Still the output is 1. So const char* strings does not decay? Or compiler managed to do some optimizations and allocate memory only for one string? Ok, let's try to avoid them:

#include <iostream>
using namespace std;

int main()
{
    const char* a = "1230";
    const char* b = "1231";
    b = "1230";
    cout << (a == b);
}

Still the result is the same. Which made me think that const char* really does not decays. But that didn't made my life simpler. How then const char*s are compared?

Why here the output is 1:

#include <iostream>
using namespace std;

int main()
{
    const char* a = "1230";
    const char* b = "1231";
    cout << (a > b);
}

a is less than b, in terms of lexographical comparison, but here a is bigger. How then comparison of const char*s is implemented?

Yes, the linked answer is correct. operator== for pointers just compares the addresses, never their content.

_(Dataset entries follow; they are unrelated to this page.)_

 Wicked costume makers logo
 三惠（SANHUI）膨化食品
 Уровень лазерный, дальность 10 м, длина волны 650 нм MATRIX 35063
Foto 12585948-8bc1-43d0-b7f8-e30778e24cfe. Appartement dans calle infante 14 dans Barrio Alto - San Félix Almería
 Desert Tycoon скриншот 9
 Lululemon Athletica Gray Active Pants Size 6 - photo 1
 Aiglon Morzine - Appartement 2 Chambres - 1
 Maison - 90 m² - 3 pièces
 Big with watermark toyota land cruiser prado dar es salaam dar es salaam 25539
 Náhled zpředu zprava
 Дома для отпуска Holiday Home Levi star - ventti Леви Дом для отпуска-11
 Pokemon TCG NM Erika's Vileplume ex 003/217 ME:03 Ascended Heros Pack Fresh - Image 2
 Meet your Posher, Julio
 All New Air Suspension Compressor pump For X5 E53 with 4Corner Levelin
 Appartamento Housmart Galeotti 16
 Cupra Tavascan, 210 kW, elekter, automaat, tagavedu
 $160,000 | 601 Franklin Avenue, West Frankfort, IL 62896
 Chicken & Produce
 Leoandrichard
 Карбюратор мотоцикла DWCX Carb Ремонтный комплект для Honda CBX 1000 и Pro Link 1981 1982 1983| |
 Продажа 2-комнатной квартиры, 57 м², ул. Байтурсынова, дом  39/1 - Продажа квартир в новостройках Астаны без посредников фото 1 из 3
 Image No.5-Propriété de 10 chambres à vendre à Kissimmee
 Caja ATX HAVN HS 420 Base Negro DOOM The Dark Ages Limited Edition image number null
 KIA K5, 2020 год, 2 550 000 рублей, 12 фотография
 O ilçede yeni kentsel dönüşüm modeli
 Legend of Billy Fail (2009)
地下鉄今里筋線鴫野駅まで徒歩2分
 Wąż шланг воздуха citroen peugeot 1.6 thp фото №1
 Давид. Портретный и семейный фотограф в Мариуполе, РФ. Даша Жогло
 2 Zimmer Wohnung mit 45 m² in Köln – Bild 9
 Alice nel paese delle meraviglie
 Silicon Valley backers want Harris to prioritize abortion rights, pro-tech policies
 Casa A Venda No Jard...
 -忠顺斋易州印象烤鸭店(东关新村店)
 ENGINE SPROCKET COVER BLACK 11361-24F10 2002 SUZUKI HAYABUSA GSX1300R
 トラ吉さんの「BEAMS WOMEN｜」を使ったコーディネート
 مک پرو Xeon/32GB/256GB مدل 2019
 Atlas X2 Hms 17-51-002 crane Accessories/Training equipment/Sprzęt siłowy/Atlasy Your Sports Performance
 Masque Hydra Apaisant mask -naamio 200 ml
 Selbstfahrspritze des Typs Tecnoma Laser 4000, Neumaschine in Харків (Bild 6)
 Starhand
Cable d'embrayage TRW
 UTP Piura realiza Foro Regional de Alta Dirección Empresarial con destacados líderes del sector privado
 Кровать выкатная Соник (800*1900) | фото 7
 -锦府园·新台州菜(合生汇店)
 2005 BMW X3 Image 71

Furthermore, the compiler is free, but not required, to de-duplicate string literals, so all occurrences of a string literal are the same object, with the same address. That is what you observe and re-assignment b = "1230"; won't stop that.

[lex.string.14] Evaluating a string-literal results in a string literal object with static storage duration, initialized from the given characters as specified above. Whether all string-literals are distinct (that is, are stored in nonoverlapping objects) and whether successive evaluations of a string-literal yield the same or a different object is unspecified.

What should const char* decay to? Arrays decay, pointers don't.

#include <iostream>
using namespace std;

int main()
{
    const char* a = "1230";
    const char* b = "1231";
    cout << (a > b);
}

returns 1 just because a happens to point to a higher address than b, there is no lexiographical comparison done. Just use std::string or std::string_view if you require that.